[Saved data entries]
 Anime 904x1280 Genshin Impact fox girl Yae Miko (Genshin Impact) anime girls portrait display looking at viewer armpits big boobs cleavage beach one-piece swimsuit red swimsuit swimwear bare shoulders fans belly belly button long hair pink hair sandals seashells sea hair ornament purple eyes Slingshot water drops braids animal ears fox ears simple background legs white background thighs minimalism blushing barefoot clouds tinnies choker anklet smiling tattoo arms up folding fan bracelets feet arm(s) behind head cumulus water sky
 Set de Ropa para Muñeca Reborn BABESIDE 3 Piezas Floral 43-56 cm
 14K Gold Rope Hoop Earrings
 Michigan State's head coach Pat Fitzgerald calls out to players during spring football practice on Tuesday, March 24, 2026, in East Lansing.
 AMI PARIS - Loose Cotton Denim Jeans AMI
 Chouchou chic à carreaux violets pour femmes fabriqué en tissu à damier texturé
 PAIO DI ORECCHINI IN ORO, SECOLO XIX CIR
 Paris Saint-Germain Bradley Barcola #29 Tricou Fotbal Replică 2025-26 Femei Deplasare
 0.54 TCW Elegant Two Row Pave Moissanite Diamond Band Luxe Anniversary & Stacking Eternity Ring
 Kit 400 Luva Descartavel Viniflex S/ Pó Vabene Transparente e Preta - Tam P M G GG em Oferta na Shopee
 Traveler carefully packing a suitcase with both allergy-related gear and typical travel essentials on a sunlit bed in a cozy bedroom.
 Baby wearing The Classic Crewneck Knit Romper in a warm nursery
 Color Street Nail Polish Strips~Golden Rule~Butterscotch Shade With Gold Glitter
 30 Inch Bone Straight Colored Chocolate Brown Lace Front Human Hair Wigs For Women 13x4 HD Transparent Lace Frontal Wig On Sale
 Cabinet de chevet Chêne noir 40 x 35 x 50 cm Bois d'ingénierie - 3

→ **What this task involves**: Would you copy exactly the lines from the one that contains "AMI PARIS - Loose Cotton Denim Jeans AMI" through the final line of the records above, including both?

→ **Task answer**:
 AMI PARIS - Loose Cotton Denim Jeans AMI
 Chouchou chic à carreaux violets pour femmes fabriqué en tissu à damier texturé
 PAIO DI ORECCHINI IN ORO, SECOLO XIX CIR
 Paris Saint-Germain Bradley Barcola #29 Tricou Fotbal Replică 2025-26 Femei Deplasare
 0.54 TCW Elegant Two Row Pave Moissanite Diamond Band Luxe Anniversary & Stacking Eternity Ring
 Kit 400 Luva Descartavel Viniflex S/ Pó Vabene Transparente e Preta - Tam P M G GG em Oferta na Shopee
 Traveler carefully packing a suitcase with both allergy-related gear and typical travel essentials on a sunlit bed in a cozy bedroom.
 Baby wearing The Classic Crewneck Knit Romper in a warm nursery
 Color Street Nail Polish Strips~Golden Rule~Butterscotch Shade With Gold Glitter
 30 Inch Bone Straight Colored Chocolate Brown Lace Front Human Hair Wigs For Women 13x4 HD Transparent Lace Frontal Wig On Sale
 Cabinet de chevet Chêne noir 40 x 35 x 50 cm Bois d'ingénierie - 3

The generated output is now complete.